→ REQUIRED WORK: Somewhere below are a line with "Baby Girl Summer" and a later line with "USA, Hawaii, active". Output exactly those lines and all lines between them.

[Dataset records]
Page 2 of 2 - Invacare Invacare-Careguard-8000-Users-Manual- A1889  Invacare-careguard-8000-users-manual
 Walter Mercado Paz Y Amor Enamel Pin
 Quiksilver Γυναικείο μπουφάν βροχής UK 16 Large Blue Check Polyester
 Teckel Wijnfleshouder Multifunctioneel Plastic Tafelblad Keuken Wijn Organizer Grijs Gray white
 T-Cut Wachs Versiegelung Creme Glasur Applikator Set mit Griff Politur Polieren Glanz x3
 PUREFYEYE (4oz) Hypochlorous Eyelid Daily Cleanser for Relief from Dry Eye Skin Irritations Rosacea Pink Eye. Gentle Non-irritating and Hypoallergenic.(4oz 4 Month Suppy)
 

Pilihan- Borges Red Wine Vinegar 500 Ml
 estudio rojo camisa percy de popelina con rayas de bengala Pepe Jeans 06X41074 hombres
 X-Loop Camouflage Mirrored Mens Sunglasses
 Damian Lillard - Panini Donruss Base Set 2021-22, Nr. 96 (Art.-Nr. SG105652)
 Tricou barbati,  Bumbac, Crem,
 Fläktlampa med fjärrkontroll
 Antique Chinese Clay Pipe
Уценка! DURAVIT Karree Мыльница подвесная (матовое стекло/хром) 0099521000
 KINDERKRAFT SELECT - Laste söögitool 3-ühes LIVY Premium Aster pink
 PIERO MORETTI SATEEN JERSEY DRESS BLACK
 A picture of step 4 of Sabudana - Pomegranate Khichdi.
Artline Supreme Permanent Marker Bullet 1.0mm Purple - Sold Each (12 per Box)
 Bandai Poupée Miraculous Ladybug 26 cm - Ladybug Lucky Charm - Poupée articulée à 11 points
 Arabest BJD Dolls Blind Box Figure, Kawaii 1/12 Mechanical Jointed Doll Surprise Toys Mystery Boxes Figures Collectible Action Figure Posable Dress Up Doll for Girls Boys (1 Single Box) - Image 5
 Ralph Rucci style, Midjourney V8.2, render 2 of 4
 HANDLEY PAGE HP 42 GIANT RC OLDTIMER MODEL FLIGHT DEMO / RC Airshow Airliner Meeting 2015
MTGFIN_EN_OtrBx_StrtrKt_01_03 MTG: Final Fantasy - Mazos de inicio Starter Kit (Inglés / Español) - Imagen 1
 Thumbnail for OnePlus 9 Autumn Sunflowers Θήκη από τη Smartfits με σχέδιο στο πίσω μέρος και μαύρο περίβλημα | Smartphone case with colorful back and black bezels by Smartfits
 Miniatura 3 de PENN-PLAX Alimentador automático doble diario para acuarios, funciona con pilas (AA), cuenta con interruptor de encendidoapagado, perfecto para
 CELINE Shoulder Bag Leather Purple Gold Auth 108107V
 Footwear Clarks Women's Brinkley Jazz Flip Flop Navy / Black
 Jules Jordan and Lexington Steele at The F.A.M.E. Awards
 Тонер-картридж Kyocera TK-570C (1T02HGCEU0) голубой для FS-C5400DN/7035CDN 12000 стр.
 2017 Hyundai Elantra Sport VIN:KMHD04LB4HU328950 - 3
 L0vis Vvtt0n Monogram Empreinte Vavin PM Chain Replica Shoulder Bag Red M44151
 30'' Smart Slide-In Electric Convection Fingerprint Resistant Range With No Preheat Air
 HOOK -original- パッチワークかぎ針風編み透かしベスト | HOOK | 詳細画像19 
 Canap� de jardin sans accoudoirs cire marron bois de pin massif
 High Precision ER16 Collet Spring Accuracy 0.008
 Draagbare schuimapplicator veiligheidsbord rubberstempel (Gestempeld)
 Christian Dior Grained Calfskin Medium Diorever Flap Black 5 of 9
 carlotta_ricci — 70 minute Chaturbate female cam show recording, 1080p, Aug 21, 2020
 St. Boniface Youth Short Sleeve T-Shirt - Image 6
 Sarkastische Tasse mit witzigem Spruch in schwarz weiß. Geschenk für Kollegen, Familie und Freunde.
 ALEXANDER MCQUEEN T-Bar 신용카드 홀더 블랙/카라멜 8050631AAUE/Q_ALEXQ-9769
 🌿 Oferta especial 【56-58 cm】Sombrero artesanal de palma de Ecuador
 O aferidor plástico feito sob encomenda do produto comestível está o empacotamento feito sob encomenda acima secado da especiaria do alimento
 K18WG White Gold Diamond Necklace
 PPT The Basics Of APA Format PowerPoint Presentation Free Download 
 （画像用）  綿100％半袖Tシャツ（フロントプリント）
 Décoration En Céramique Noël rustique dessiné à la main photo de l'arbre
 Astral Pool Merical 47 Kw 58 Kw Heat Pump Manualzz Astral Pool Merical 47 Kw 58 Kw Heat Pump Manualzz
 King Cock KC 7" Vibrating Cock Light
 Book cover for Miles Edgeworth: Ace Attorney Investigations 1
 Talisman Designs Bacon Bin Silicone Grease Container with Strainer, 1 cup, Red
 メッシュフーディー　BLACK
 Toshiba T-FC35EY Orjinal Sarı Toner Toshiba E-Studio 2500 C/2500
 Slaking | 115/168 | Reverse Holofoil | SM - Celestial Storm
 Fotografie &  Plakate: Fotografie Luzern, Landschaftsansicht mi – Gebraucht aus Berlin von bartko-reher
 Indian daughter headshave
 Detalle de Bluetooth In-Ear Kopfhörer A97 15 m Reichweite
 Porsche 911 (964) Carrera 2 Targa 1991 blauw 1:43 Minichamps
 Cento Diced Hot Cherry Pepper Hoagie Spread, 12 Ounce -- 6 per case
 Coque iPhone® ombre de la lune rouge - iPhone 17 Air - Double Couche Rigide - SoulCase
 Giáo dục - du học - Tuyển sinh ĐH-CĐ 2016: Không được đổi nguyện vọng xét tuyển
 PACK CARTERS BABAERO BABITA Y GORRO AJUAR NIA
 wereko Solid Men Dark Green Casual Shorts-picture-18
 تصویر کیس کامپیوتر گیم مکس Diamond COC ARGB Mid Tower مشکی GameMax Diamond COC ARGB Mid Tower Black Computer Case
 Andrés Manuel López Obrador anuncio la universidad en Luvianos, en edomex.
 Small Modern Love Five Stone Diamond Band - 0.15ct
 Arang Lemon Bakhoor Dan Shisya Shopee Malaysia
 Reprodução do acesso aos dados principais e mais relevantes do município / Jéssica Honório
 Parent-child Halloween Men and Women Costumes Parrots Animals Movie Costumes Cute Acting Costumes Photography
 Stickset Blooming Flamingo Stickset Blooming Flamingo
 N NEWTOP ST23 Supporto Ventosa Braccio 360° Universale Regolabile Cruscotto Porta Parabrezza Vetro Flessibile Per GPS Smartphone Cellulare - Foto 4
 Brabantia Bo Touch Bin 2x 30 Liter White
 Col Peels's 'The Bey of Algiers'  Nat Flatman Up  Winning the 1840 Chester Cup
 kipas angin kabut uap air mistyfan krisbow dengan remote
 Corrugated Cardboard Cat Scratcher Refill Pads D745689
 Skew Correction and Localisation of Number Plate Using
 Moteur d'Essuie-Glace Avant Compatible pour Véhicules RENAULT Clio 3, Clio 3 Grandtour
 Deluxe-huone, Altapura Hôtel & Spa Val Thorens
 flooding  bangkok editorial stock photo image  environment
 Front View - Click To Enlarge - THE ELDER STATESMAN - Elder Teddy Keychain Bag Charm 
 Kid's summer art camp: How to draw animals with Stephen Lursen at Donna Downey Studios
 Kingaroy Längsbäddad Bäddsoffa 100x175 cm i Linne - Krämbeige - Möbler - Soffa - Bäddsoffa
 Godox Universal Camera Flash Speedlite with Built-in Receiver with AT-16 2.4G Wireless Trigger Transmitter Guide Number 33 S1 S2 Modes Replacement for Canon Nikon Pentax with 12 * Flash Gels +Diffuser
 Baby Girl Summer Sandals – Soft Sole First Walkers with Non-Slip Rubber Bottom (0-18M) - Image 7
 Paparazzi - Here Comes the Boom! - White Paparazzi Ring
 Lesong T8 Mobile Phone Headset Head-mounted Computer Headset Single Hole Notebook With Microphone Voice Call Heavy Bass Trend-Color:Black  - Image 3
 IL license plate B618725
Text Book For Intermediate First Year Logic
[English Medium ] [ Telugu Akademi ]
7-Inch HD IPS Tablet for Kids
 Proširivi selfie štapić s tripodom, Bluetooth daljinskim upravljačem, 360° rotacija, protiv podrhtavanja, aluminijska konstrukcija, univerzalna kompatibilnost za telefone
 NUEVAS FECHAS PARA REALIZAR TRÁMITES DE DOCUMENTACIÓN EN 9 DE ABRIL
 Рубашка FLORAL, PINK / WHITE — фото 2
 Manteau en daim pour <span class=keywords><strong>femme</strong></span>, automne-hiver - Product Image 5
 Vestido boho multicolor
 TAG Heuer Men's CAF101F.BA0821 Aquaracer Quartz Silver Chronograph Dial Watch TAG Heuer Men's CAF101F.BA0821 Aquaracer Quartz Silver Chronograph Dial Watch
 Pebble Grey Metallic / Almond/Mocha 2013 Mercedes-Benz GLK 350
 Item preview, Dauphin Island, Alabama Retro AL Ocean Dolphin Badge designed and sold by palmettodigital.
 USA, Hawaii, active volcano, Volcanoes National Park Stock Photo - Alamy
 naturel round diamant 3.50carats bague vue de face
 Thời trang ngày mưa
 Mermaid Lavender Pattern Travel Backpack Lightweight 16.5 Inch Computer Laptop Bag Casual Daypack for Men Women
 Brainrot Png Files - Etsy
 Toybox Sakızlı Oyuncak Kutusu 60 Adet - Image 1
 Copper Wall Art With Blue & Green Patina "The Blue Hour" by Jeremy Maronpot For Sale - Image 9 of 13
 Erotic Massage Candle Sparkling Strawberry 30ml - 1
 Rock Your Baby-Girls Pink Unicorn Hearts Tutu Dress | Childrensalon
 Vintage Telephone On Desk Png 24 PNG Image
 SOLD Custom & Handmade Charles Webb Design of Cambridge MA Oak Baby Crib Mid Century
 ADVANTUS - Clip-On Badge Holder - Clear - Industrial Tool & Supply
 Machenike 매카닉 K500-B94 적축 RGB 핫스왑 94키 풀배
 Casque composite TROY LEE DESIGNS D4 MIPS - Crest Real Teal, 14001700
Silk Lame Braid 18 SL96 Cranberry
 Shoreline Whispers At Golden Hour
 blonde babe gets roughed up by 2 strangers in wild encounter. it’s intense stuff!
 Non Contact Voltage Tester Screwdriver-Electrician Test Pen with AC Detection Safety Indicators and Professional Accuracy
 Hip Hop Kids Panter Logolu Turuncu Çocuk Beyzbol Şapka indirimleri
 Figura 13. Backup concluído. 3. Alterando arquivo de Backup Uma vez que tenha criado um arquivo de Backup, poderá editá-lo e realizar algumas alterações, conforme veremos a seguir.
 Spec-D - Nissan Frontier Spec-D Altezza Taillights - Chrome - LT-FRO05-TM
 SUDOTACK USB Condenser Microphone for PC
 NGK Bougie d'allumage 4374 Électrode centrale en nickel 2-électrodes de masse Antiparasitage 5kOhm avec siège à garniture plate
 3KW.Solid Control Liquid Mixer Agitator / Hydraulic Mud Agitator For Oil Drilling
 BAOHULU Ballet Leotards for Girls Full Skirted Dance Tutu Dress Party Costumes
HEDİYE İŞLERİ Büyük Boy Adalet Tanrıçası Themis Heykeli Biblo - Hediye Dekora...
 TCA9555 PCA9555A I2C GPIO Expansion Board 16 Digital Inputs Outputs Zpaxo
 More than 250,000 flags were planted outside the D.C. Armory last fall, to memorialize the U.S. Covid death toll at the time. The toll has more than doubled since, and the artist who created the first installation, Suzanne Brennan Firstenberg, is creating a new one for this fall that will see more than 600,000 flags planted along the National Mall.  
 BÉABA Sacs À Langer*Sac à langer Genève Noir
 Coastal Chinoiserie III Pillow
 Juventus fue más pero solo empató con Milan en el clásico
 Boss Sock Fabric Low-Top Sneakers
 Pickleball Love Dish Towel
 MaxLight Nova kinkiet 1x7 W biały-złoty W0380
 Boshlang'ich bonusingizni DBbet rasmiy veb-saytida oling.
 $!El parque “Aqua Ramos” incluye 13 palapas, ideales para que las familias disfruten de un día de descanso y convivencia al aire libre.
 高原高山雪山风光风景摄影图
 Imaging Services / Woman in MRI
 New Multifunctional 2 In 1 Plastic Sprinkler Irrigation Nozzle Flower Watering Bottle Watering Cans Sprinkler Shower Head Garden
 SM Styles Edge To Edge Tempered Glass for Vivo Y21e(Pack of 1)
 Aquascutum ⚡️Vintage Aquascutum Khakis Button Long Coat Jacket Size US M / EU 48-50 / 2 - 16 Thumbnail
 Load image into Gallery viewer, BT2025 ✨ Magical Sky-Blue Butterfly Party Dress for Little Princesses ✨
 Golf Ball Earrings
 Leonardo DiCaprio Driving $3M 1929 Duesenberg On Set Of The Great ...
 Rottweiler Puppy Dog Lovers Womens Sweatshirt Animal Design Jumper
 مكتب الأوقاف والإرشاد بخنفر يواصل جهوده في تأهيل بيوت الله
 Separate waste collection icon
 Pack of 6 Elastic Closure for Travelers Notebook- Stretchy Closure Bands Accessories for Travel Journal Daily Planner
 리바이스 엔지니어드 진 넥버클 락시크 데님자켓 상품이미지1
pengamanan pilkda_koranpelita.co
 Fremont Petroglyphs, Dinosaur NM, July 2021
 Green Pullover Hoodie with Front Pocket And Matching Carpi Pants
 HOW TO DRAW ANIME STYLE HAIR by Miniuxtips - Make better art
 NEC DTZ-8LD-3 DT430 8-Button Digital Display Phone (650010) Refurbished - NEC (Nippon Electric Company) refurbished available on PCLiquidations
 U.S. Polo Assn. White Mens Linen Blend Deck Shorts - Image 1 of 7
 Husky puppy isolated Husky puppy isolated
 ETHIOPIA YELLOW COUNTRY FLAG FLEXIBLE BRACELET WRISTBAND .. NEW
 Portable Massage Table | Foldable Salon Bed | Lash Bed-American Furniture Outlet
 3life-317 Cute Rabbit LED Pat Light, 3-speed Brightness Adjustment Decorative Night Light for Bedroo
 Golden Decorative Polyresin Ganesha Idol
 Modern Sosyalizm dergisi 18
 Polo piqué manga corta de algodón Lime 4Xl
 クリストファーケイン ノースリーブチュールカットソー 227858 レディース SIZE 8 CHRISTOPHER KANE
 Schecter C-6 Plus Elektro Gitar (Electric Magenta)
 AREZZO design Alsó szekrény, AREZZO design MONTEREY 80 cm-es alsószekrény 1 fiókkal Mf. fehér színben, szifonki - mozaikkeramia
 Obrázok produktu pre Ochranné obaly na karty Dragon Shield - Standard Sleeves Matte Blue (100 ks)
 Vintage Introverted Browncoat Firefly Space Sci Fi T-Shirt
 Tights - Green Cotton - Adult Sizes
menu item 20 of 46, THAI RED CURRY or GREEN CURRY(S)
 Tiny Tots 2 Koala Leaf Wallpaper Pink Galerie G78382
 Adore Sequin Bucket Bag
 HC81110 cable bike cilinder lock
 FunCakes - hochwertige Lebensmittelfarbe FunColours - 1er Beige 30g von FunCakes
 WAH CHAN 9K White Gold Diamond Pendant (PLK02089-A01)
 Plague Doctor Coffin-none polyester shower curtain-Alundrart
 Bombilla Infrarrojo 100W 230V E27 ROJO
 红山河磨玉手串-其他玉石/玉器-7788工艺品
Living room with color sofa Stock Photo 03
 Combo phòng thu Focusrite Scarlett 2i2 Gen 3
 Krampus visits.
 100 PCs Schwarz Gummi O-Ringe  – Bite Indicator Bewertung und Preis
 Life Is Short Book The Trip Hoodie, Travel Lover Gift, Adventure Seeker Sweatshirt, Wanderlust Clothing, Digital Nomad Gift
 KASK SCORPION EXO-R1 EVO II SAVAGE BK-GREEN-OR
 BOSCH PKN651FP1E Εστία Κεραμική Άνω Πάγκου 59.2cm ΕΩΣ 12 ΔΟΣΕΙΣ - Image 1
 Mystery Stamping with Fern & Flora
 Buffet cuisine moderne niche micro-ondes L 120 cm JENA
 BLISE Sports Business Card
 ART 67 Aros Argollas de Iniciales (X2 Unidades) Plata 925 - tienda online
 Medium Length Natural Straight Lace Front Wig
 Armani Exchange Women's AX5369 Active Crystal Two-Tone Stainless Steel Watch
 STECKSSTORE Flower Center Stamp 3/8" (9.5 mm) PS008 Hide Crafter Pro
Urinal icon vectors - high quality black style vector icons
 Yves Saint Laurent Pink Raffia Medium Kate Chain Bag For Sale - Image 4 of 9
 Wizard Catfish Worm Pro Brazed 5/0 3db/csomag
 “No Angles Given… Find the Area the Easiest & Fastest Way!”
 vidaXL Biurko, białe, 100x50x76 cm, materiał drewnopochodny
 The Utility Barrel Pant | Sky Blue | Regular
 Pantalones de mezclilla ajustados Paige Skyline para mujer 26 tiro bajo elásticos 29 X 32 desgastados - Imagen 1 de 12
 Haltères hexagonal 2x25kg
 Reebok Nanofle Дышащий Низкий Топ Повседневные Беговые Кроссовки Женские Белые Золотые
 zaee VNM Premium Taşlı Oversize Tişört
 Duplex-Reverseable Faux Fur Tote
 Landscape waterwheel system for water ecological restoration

→ ANSWER SECTION:
 Baby Girl Summer Sandals – Soft Sole First Walkers with Non-Slip Rubber Bottom (0-18M) - Image 7
 Paparazzi - Here Comes the Boom! - White Paparazzi Ring
 Lesong T8 Mobile Phone Headset Head-mounted Computer Headset Single Hole Notebook With Microphone Voice Call Heavy Bass Trend-Color:Black  - Image 3
 IL license plate B618725
Text Book For Intermediate First Year Logic
[English Medium ] [ Telugu Akademi ]
7-Inch HD IPS Tablet for Kids
 Proširivi selfie štapić s tripodom, Bluetooth daljinskim upravljačem, 360° rotacija, protiv podrhtavanja, aluminijska konstrukcija, univerzalna kompatibilnost za telefone
 NUEVAS FECHAS PARA REALIZAR TRÁMITES DE DOCUMENTACIÓN EN 9 DE ABRIL
 Рубашка FLORAL, PINK / WHITE — фото 2
 Manteau en daim pour <span class=keywords><strong>femme</strong></span>, automne-hiver - Product Image 5
 Vestido boho multicolor
 TAG Heuer Men's CAF101F.BA0821 Aquaracer Quartz Silver Chronograph Dial Watch TAG Heuer Men's CAF101F.BA0821 Aquaracer Quartz Silver Chronograph Dial Watch
 Pebble Grey Metallic / Almond/Mocha 2013 Mercedes-Benz GLK 350
 Item preview, Dauphin Island, Alabama Retro AL Ocean Dolphin Badge designed and sold by palmettodigital.
 USA, Hawaii, active volcano, Volcanoes National Park Stock Photo - Alamy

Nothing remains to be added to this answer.